TASK DESCRIPTION: Retype every line from the start of the entries below down to the line with "VENTA CASA 3", both ends included; skip the pictures.

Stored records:

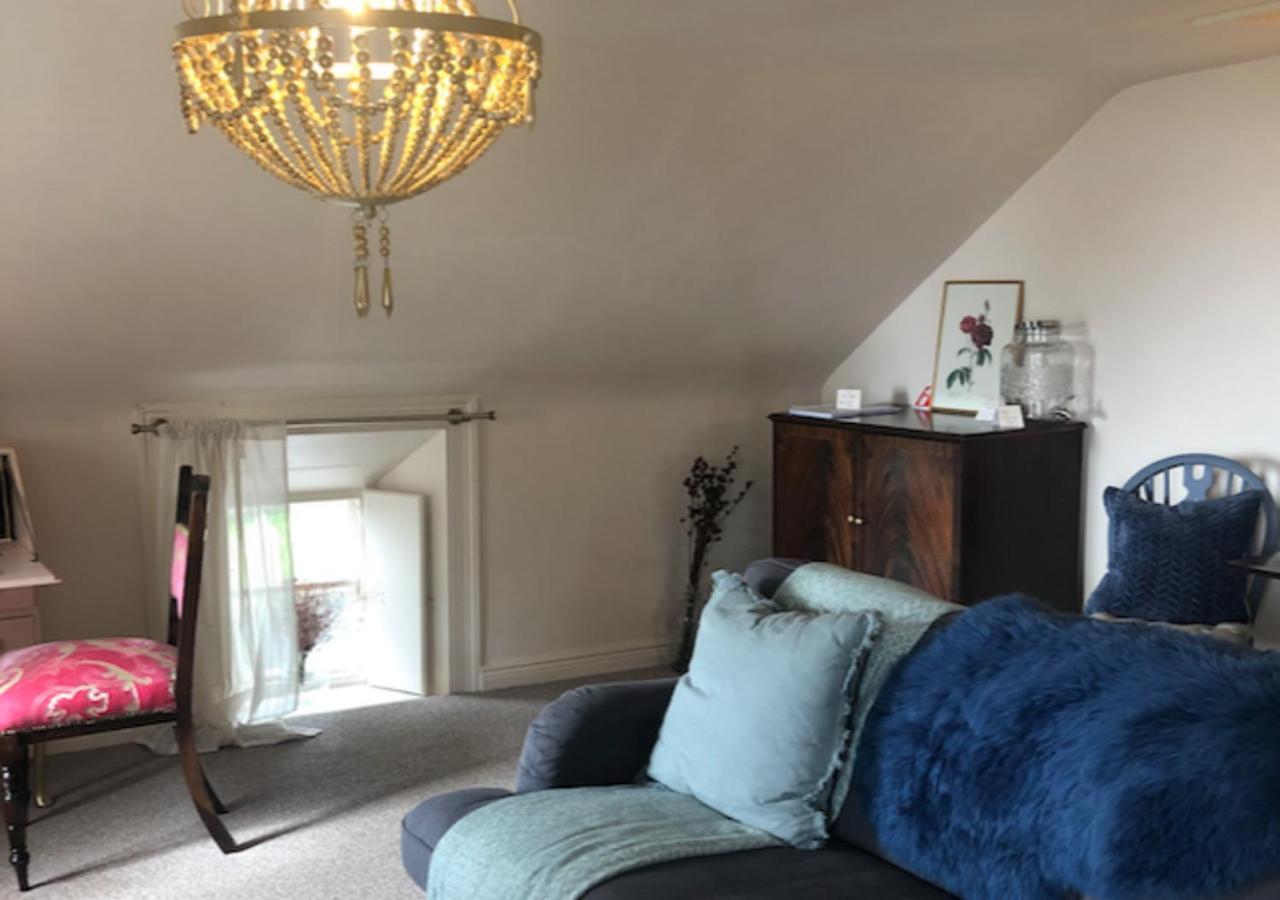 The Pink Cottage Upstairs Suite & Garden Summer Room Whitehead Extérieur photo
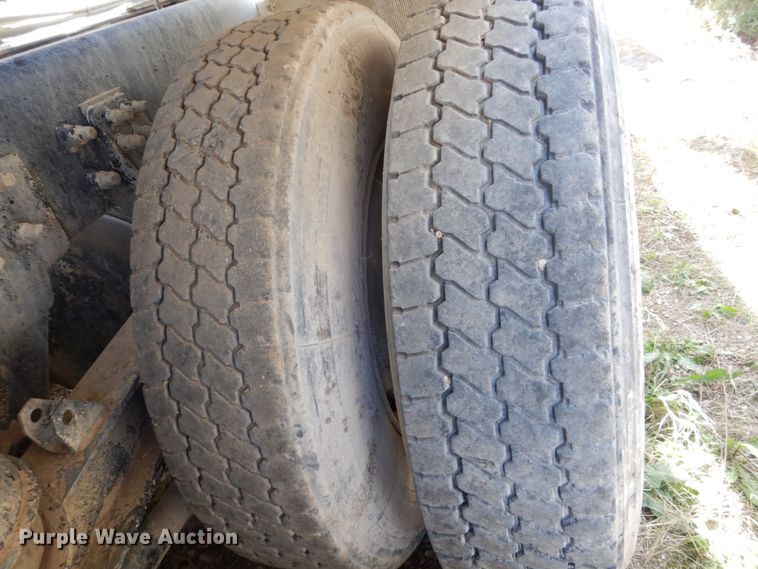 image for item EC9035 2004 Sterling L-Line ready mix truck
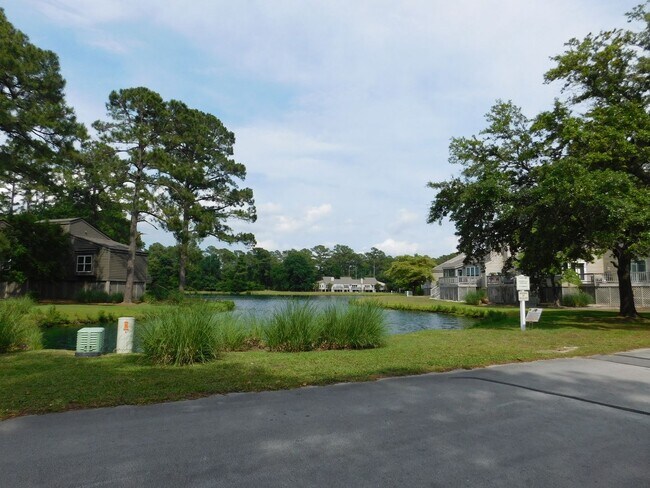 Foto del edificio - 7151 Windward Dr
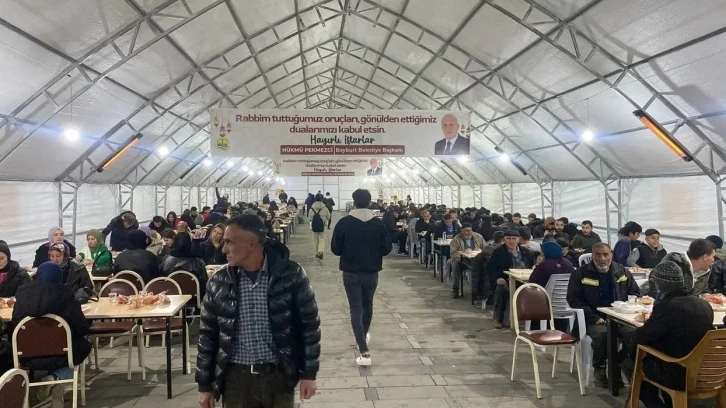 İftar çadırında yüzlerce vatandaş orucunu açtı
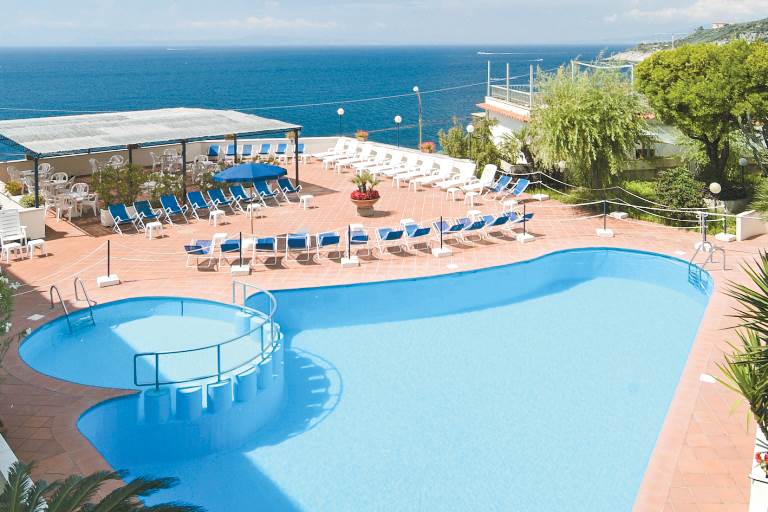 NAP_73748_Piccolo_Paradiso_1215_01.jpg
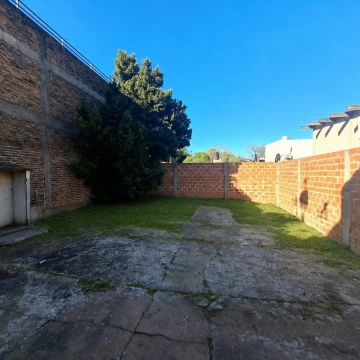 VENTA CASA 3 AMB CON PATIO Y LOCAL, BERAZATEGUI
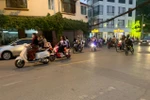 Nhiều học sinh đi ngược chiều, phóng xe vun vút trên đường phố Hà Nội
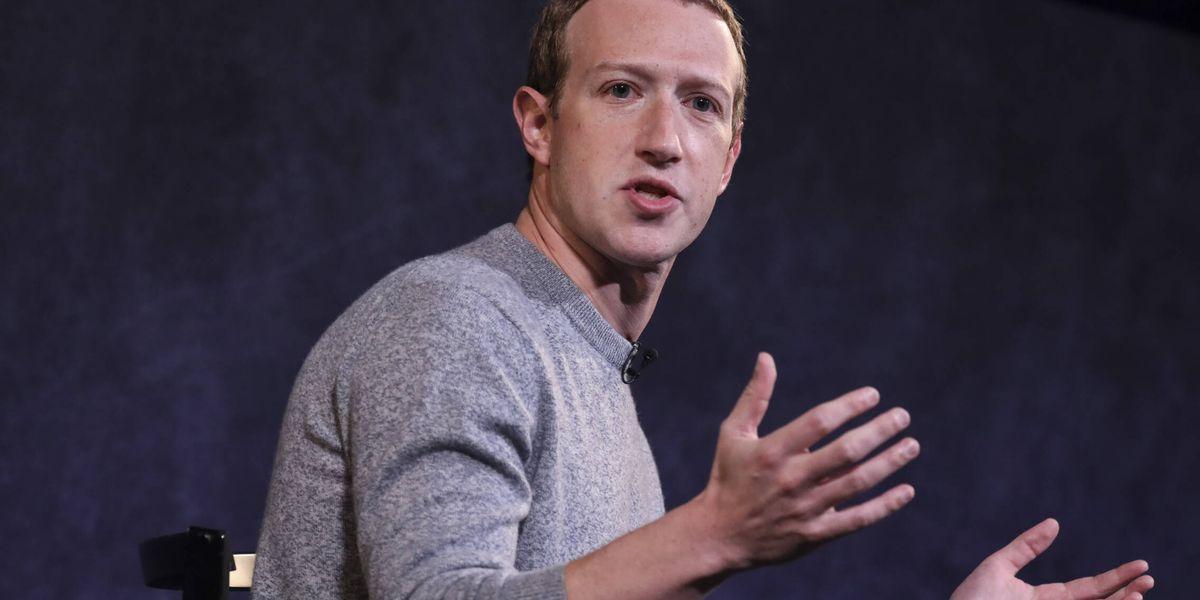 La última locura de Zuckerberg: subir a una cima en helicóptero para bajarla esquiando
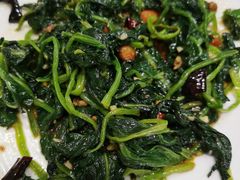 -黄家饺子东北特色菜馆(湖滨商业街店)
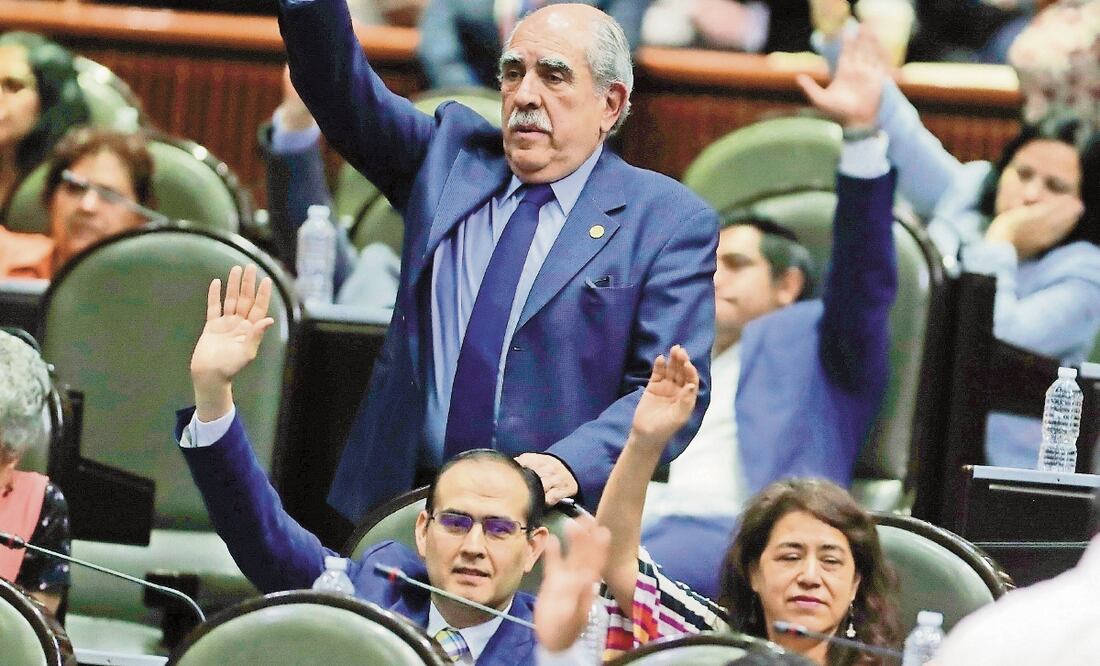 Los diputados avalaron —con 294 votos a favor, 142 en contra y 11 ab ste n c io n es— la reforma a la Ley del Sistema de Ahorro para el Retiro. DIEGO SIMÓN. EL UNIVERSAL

WRITTEN RESPONSE:
 The Pink Cottage Upstairs Suite & Garden Summer Room Whitehead Extérieur photo
 image for item EC9035 2004 Sterling L-Line ready mix truck
 Foto del edificio - 7151 Windward Dr
 İftar çadırında yüzlerce vatandaş orucunu açtı
 NAP_73748_Piccolo_Paradiso_1215_01.jpg
 VENTA CASA 3 AMB CON PATIO Y LOCAL, BERAZATEGUI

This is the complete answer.